Les luttes basses sont celles où l’on va interagir avec les parties basses du corps de l’adversaire, souvent ses jambes. Le but est toujours de mettre à bas de son cheval, ici en tirant l’étrier. Ces techniques sont souvent beaucoup plus acrobatiques que les luttes hautes.

Avant de pouvoir s’en prendre au cavalier, la tête de la monture adverse arrive à portée de lutte. Le cheval est un animal puissant, mais il possède une faiblesse : sa bouche est sensible. C’est d’ailleurs sur ce principe que s’appuie l’utilisation du mors. Les luttes contre le cheval consistent en de violentes saisie du mors, ce qui va contraindre le cheval adverse à ployer ou à se cabrer, ce qui risque de le faire chuter. Ceci est extrêmement dangereux pour son cavalier. Il est sinon possible d’enlever le filet du cheval. Cela ôtera à l’adversaire la possibilité de diriger sa monture, le mettant également en grande difficulté.

Le combat à cheval de Fiore est présenté de manière particulière : il semble presque exhaustif quant aux éléments techniques abordés, mais l’extrême petitesse du nombre de situations exposées ne permettent pas de construire une pratique complète, à la différence d’autres armes comme l’épée à de mains ou la lutte. Cependant, ce qui est exposé chez Fiore est techniquement très similaire à ce que l’on trouve dans les sources allemandes, et il ne semble pas hasardeux de compléter le corpus technique de Fiore avec des pièces venant de l’autre côté des Alpes.

Qu’est-ce qui caractérise alors le combat monté chez Fiore ? Sur un plan technique, peu de chose en fait.

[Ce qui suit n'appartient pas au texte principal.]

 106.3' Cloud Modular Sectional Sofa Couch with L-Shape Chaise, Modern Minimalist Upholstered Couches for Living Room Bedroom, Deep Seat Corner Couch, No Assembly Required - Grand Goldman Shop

La lutte est strictement identique, dans sa forme, comme dans son but. Dans le combat à la lance et à l’épée, on note une réelle insistance sur les dégagements latéraux. Les maîtres allemands, par exemple, priorisent le changement à travers avec la lance et par conséquent des mouvement plus restreints. Cela est peut-être du à l’usage d’une arme plus longue. Pour l’épée cela est plus difficile à dire. Deux attaques seulement sont montrées, le revers et le main-droit, et la seule réponse est le dégagement depuis la longue queue, dont le texte évoque les attaques directes d’estoc. Il est difficile à croire que cette défense soit la seule option possible, mais la partie sur le combat monté est plutôt petite. Toute ces similitudes s’expliquent finalement assez bien : de la fin du 14e au début du 16e siècle, le duel à cheval en armure a peu évolué dans la forme. Il est donc normal que les sources de ces époques concordent sur de nombreux points. Ce qui peut changer en revanche, ce sont les paramètres d’engagement. Chez Fiore le cheval est une cible, ce qui change complètement la tactique de la rencontre. Si dans les sources allemandes, affronter une lance avec une épée est considéré comme gérable, lorsque le cheval est visé, cela devient suicidaire, comme le suggère la mise en échec systématique des cavaliers ayant des armes plus courtes que leur adversaire. Il est d’ailleurs étonnant que la partie sur l’épée ne possède pas de jeux montrant une attaque portée à la monture.

Le combat a cheval de Fiore possède ses spécificités propres, par l’usage d’un vocabulaire propre liée à la tradition dont il fait partie et par des choix techniques apparents. Dans le même temps il partage beaucoup d’aspects avec les sources allemande, car ils traitent tous les deux de la même thématique. Pour avoir un combat à cheval réellement différent, il faudra attendre que l’armure soit abandonnée et que les armes changent. C’est ce que l’on aura plus de 200 ans plus tard chez Philibert de Latouche, premier auteur post-Renaissance à aborder de nouveau le combat à cheval.